FS#7485 - use bsdtar in makepkg
Attached to Project:
Pacman
Opened by Baptiste Daroussin (bapt) - Thursday, 21 June 2007, 09:25 GMT
Last edited by Dan McGee (toofishes) - Monday, 09 July 2007, 04:32 GMT
Opened by Baptiste Daroussin (bapt) - Thursday, 21 June 2007, 09:25 GMT
Last edited by Dan McGee (toofishes) - Monday, 09 July 2007, 04:32 GMT
|
Details
Summary and Info:
pacman depends on libarchive which provides bsdtar. bsdtar can handle nearly all the format needed by makepkg and is always installed as it comes as a dependency for pacman. I've made a patch to be able to use bsdtar instead of unzip in makepkg. I tested it on serval packages and it works great. the interest is on uniq tool to rely on for uncompressing sources, less dependencies (gnutar, unzip would not be necessary any more) also it removes the unziphack. Here are two patches : one that only removes unzip but keep gnutar : makepkg-nounzip.patch and one that only uses bsdtar : makepkg-bsdtar.patch (it also seems to be a little - very little :) - bit faster.) patch are done on makepkg delivered with pacman-3.0.5-2 |
This task depends upon
Closed by Dan McGee (toofishes)
Monday, 09 July 2007, 04:32 GMT
Reason for closing: Implemented
Additional comments about closing: implemented in GIT
Monday, 09 July 2007, 04:32 GMT
Reason for closing: Implemented
Additional comments about closing: implemented in GIT
This is not an issue in recent git versions because .FILELIST is generated by ls now (after "allow it to create an empty package" patch).
Also, it seems this solves the complaint about adding unzip to makepkg's depends, because bsdtar handles this as I see.
it seems to work for me, but it need testing as I don't have installed the whole pacman git (I need to keep the stable one)
all decompression that can be done with bsdtar are done with the command bsdtar -x -f (no need for z or j or anything else as bsdtar can automatically detect the archive type, ie tar.gz, tar.bz2, cpio, zip)
I remove the unzip hack
And I use bsdtar instead of tar for creating the package, like this makepkg only rely on bsdtar as a (de)compression program).

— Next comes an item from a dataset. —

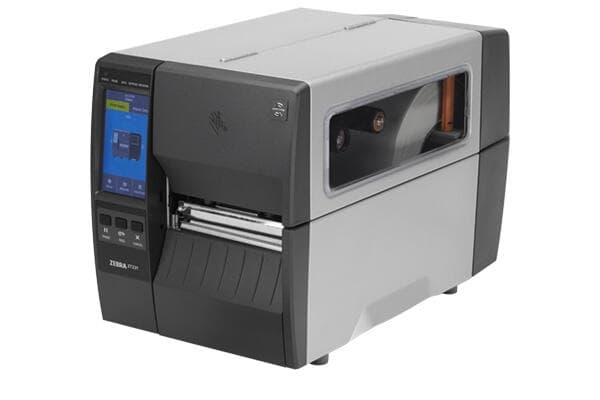 Zebra ZT231-RFID INDUSTRIAL 4-INCH WIDE STANDARD Industrial Printer – 203 dpi – part number ZT23142-T0E00CFZ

For the record bsdtar can also manage the following formats : iso9660, and ar files I think iso9660 is useless for makepkg, but ar could be interesting for debian packages, for programs that are only available to download as rpm or deb for examples we currently have the openoffice langpacks that use rpm, so depends on rpmextract.sh and are also available as deb, so we could drop the rpmextract.sh dependency :) but I think this should be a new bug anyway.
I mean as soon as the packages will rebuild at least once, xdelta would be working again. as xdelta works for creating patch/patching bsdtar archives.
tar: usr/bin/
bsdtar/find: usr/bin
Some testing needs done with pacman to see if it has any negative effects.
.FILELIST should be created with tar everything else can be done with bsdtar.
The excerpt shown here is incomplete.